Transaction diligence
Tech and cyber due diligence
Technology diligence, written in the language of the deal.
Duration
Three to six weeks, depending on deal size and access
Fee shape
Fixed fee, or scoped to the deal
Suits
Lower-mid-market PE deals and the corporate-finance houses advising them
Typical deal size
£10m to £100m enterprise value
When this engagement applies
Buy-side technology diligence is a known shape of work. The risk is that the report becomes a long technical inventory the investment committee does not engage with, or a short red-flag list with no underlying evidence. Either failure mode is common. Both can be avoided by writing the report for the audience that has to act on it.

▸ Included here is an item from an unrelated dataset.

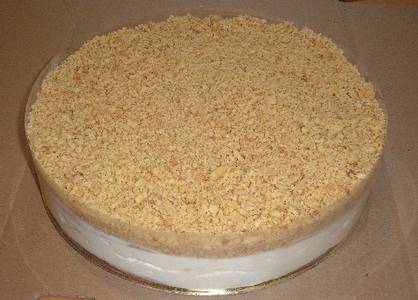 עוגת גבינה פירורים יוקרתית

The trigger is usually a deal moving into exclusivity, with two to six weeks of diligence time and a specific set of questions the investment committee wants answered.
What I assess
A properly-scoped review of the target's technology and cyber position, focused on the questions the investment committee needs answered:
- Is the technology fit for the business as it is today
- What is the technology investment needed to support the value-creation plan
- What are the cyber, data, and technology risks that could affect the deal
- Who owns the technology, and whether any third-party or open-source components carry licensing or change-of-control risk
The work is done remotely where possible, with a short on-site visit at the target if the deal structure allows. The output is a 25 to 50 page report, written for partners and committee members rather than for engineers. A separate technical annex is available for the integration team after close.
What you get
- A scoped diligence report covering technology fit, investment requirements, IP ownership, and cyber, data and technology risk
- A red-flag summary for the partner sponsoring the deal
- A 100-day technology plan for the post-close team
- A call to walk the investment committee through the findings
- Optional support during SPA negotiation on technology-related warranties and disclosures
Delivery
Week one: scoping with the deal team, data-room access, initial document review.
Weeks two and three: management interviews, target-side data review, draft findings.
Weeks four to six: draft report, validation calls, final report and red-flag summary. Timing flexes with deal pace.
Fees and duration
Fixed fee, or scoped to the deal, agreed at the start. Three to six weeks elapsed.